Brezinsky demiş ki

Abdurrahman Dilipak


Son günlerde dikkatinizden kaçmamıştır, kredi notu veren kuruluşlardan Avrupa ülkeleri için arkası arkasına kötü puanlar geliyor. Irkçılıkla başı belada AB ülkelerinin. Aile çözülüyor. Yani ekonomi, insan hakları, sosyal doku her gün biraz daha kırılgan bir hal alıyor.

Brezinsky ABD için de durumun farklı olmadığını, giderek Türkiye'nin geçmişte ABD'nin dünyada üstlendiği role benzer bir rol üstlenmeye başladığını söyledi. Tarihin sonu filan derken geldikleri nokta bu.

Geçen ay Mardin'de Artuklu Üniversitesi'ndeydim. Bu arada Adıyaman Üniversitesi'ni de ziyaret ettim, Muş Alparslan Üniversitesi'ni de. Son olarak Malatya'da kitap fuarına katılmıştım. Önceki gün de Kilis'teydik. Komşumuzdan gelen misafirlerin kaldıkları kampı ziyaret ettik. Sağolsun vali bey, gelen gazetecilere ve yazarlara tarihi, bugünü, gelecek hayalleri ile Kilis'i anlattı.

Bu konuya daha sonra tekrar döneceğim de, asıl sözünü etmek istediğim şey Türkiye'deki büyük değişim.

Dün İstanbul'da önemli bir toplantı vardı. Onlarca ülkeden yüzlerce konuk geldi İstanbul'a. İstanbul artık geçici bir kültür başkenti değil, sürekli benzer etkinliklerin gerçekleştiği ekonomik, politik, kültürel bir merkez. Asitane'de tarih uyanıyor diyebiliriz. Irmak yatağını arıyor. Kökleri tarihin derinliklerinde gizli bir medeniyetin ihya ve inşası için dikkat çekici çabalara tanık oluyoruz.

Bugün burada sadece Türkiye'nin meseleleri değil, bölgenin ve dünyanın sorunları konuşuluyor, çözüm yolları aranıyor. İşin hukuki, ahlaki, felsefi temelleri, ekonomik arka planı sorgulanıyor.
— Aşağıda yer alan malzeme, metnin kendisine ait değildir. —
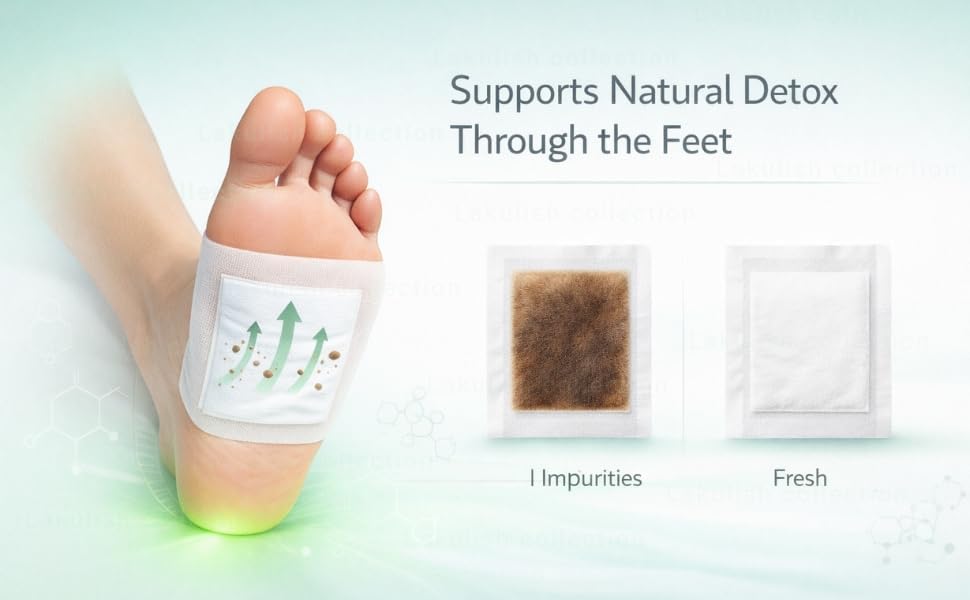 Foot Pad - 100% Herbal (10 Pieces) - Image 6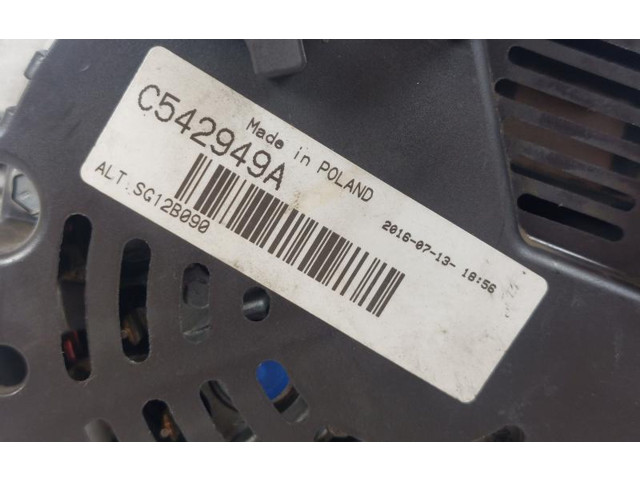 Генератор C542949A, C542949A   Audi A3 S3 8L      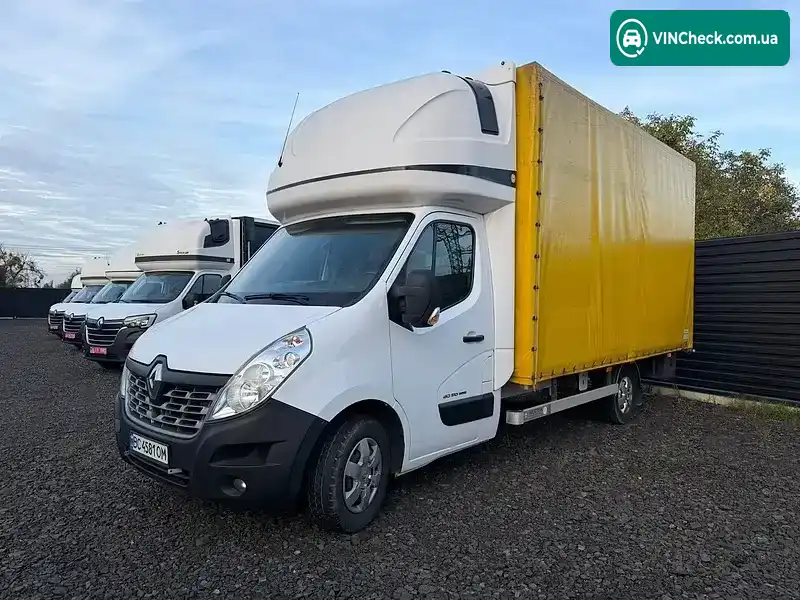 Renault Master 2018, фото з оголошення 1 з 15, VIN VF1VB000159307162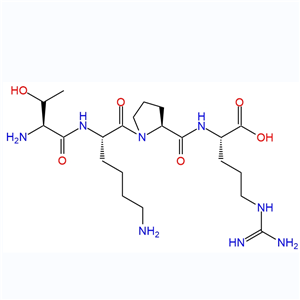 增免疫苏精肽H-Thr-Lys-Pro-Arg-OH/9063-57-4/72103-53-8/Tuftsin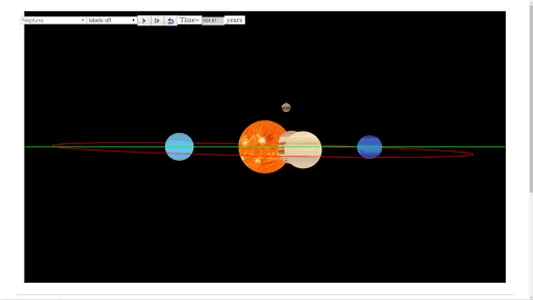 Solar System 3D screenshot 23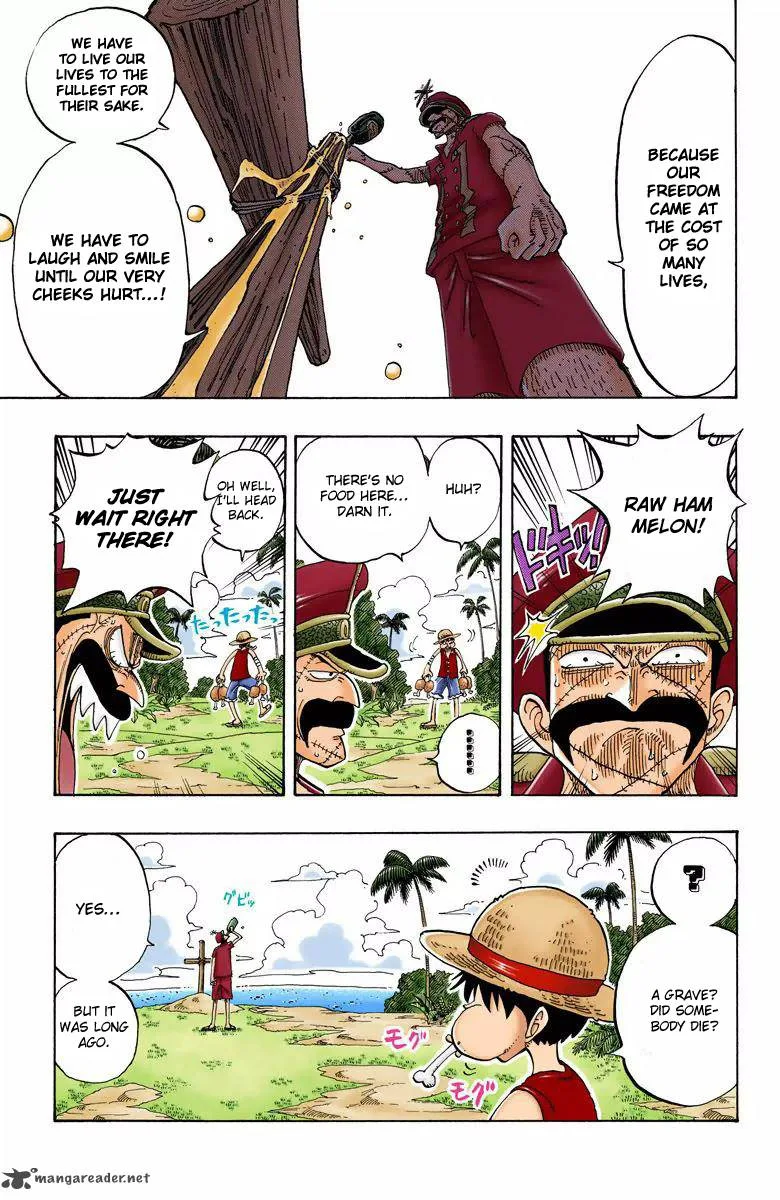 One Piece - Colored Chapter 95 page 5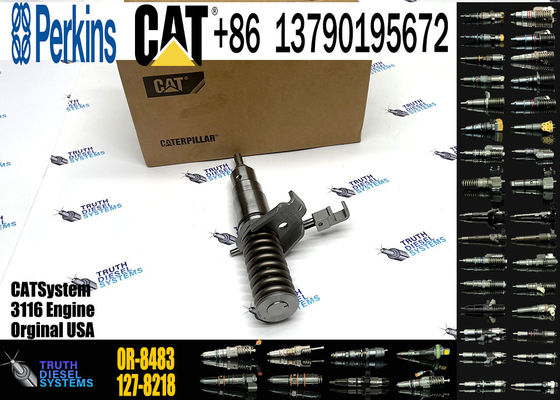 Common Rail Injector Assy 0R-8483  127-8205 127-8207 127-8225 7E-8727 7E-8729 7E-8952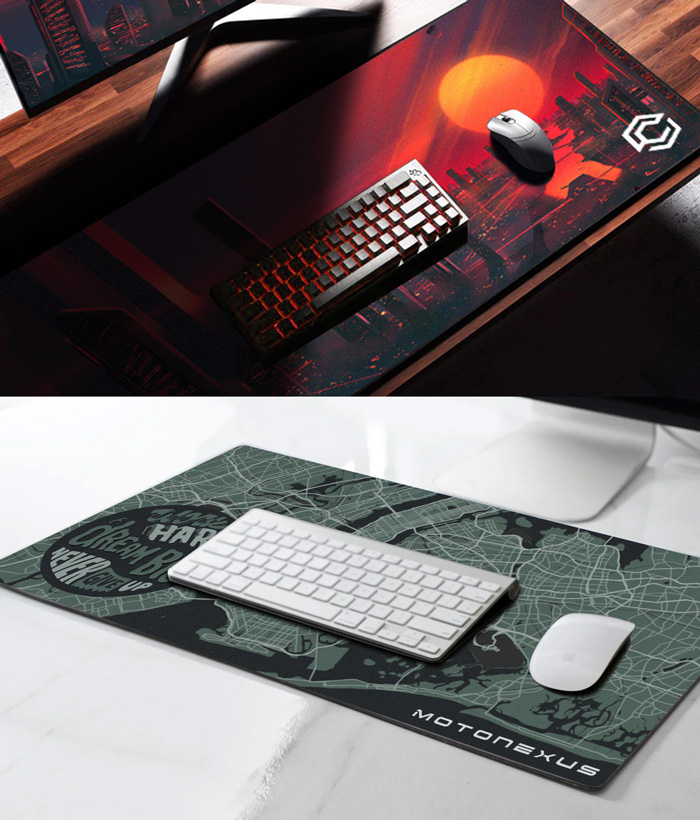 Desk Pad Printing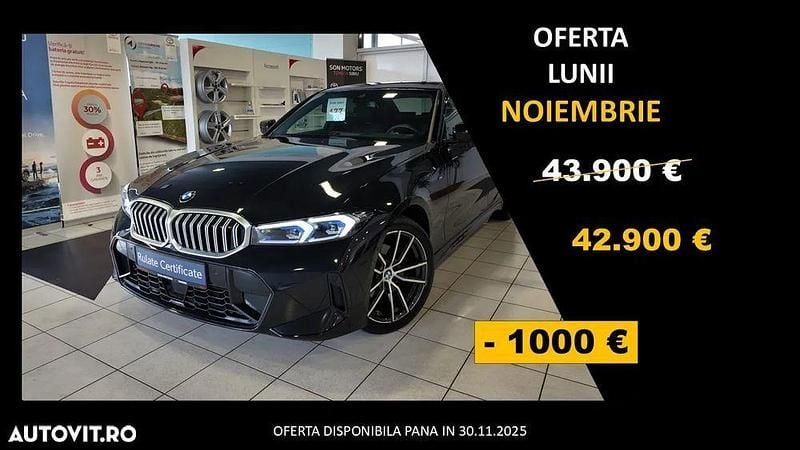 Negru Utilizat 2023 BMW 320 M Sport Berlinǎ | 42.900 EUR (Preț OK) - Imagine 1/4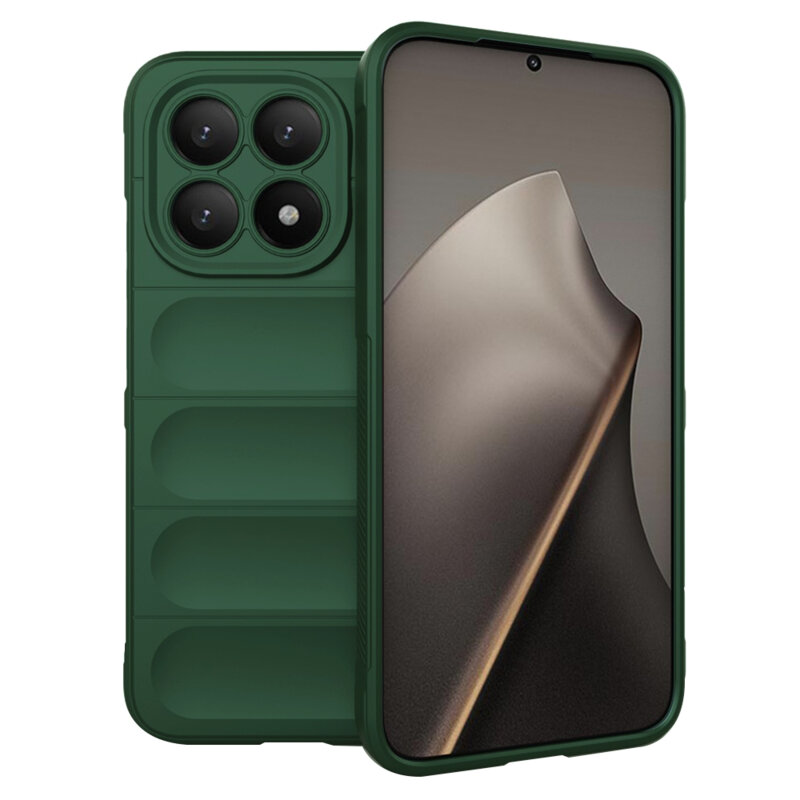 Husa Xiaomi 15T Techsuit Magic Shield, verde
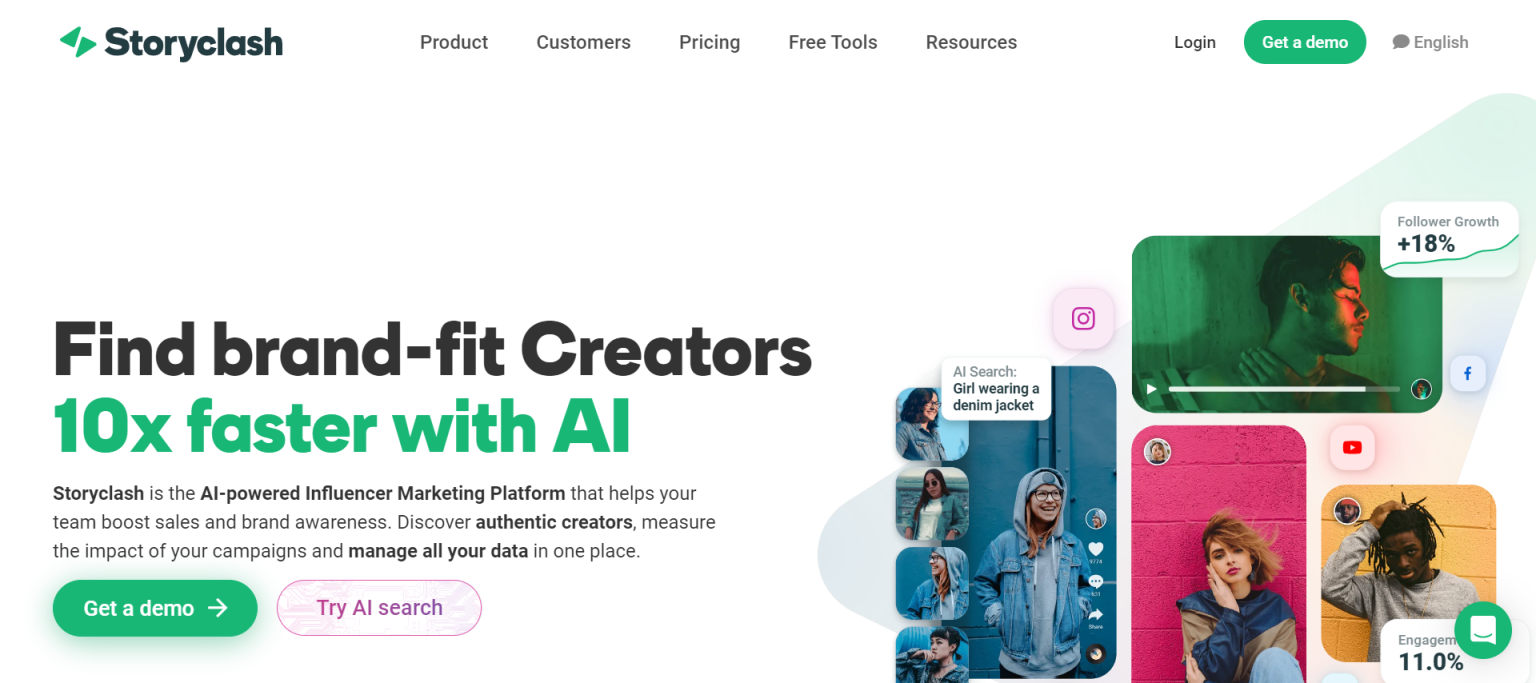 Storyclash 网站截图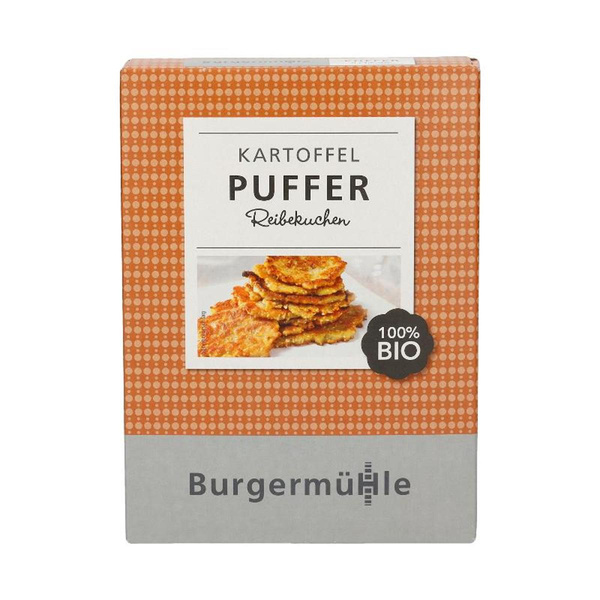 Produktfoto zu Kartoffelpuffer von Burgermühle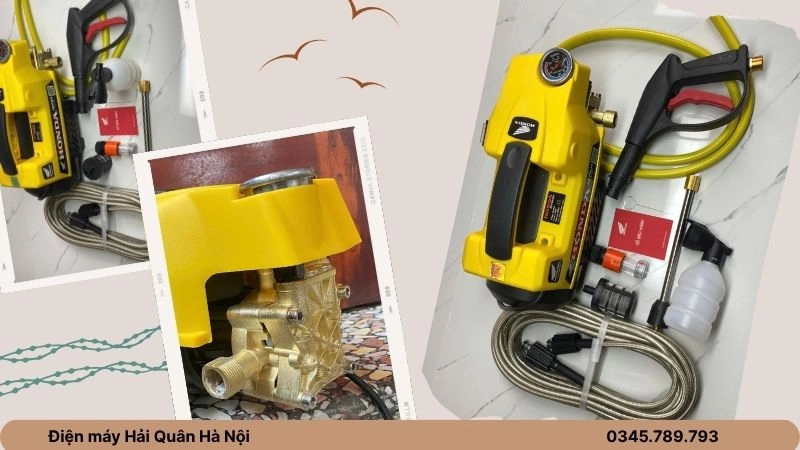 Lịch bảo dưỡng máy rửa xe theo từng mốc thời gian 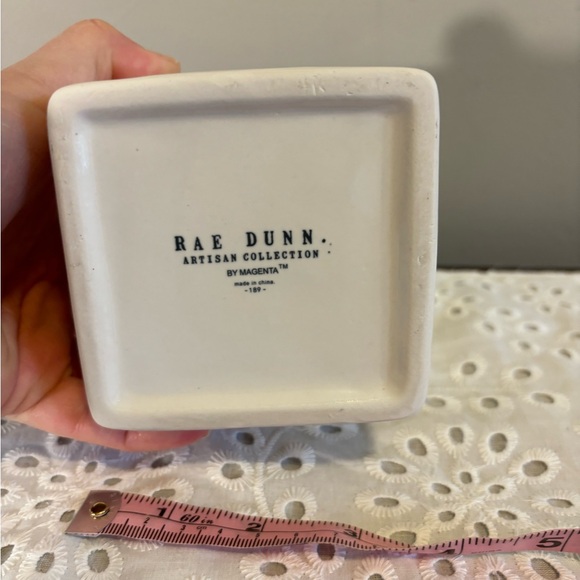 Rae Dunn Makeup Brush Vanity Storage - Picture 7 of 8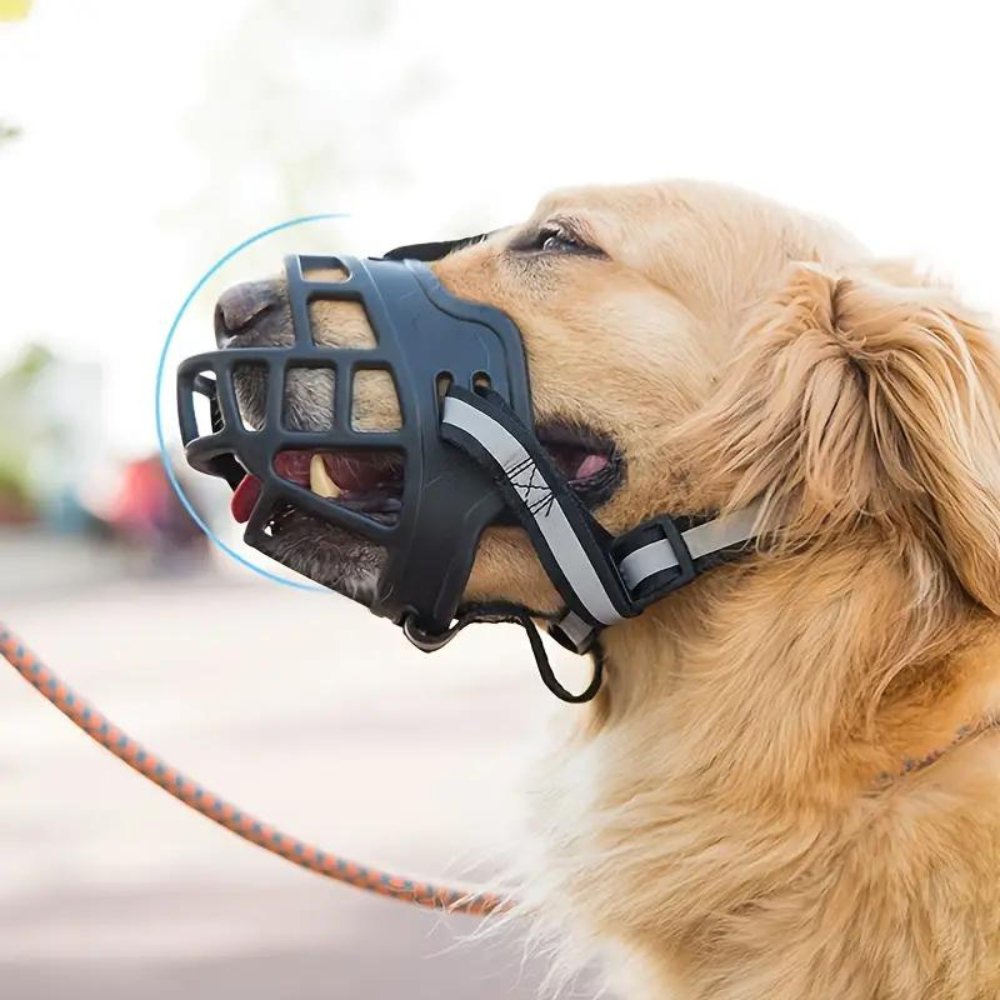 Maulkorb für Hunde | Sicherheitsprodukt für alle Hunderassen und Größen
Yeni bir durumla karşı karşıyayız.

Bugün burada Global Political Forum için bir aradayız, bir ay sonra World Economic Forum toplantısı yapılacak İstanbul'da.

Türkiye artık aktif denge politikası uyguluyor. Dinamik bir yapı bu. İpte yürümek gibi bir şey. Elinizdeki çitanın bir ucunda AB ve ABD var, öteki ucunda Asya ve Afrika. Türkiye denge noktasında duruyor.. Zor bir görev.

İstanbul forumu gelecek yıllar için daha fazla şey vaad ediyor. Dahası, bundan sonra sadece yılda bir defa toplanılmayacak, dünyanın birçok bölgesinde Asya'da, Afrika'da, Arap yarımadasında, Rusya'da ve Avrupa'da benzer ya da tematik, ekonomik, sosyal, politik, kültürel toplantılar yapacak, neşriyatta bulunacak. Hedef, bu buluşmanın bir sıçrama noktası olması..

Bugün Türkiye'nin dünyadaki rolü, misyonu, vizyonu çok farklı. Bütün bunları Türkiye'ye yükleyen bir güç var. O da tarih ve konjonktür..

Türkiye bu sorumluluktan kaçamaz..

Bu süreçte kimsenin kimseyi beklememesi ve dirsek temasını kaybetmemesi gerekiyor. Akıllı, dürüst ve cesur bir şekilde ilerleyecek olursak önümüz açık gözüküyor.

Önümüzde birkaç sorun var. Anayasa ve mevzuat. Bu devlet yapısı, yasa düzeni, mevzuat, Türkiye'nin ilerlemesinin önündeki en büyük engel. Onun için bir an önce Anayasa değişikliğinin yapılması ve hukuk reformunun tamamlanması şart.

İkinci temel sorun, terör ve darbe tehdidi. Yargılama sürecinin hızlandırılarak Türkiye'nin bu başbelasından bir an evvel kurtulması şart.. Ayağımızdaki bu prangalarla bu maratonu kazanmamız zor. Bunun için de herkese görev düşüyor. Bu işler tek başına siyasilere bırakılamayacak kadar zor ve önemli meselelerdir. Başarı için daha akıllı, daha dürüst ve daha cesur olmamız gerkiyor. STK'lar, DTO'ler, üniversiteler, sanayicimizin, tüccarımızın, gazetecimizin, sanatçımızın, herkesin bir şekilde bu sürece katılması ve destek vermesi gerek.

Bunu başaracağız inşallah. Selâm ve dua ile.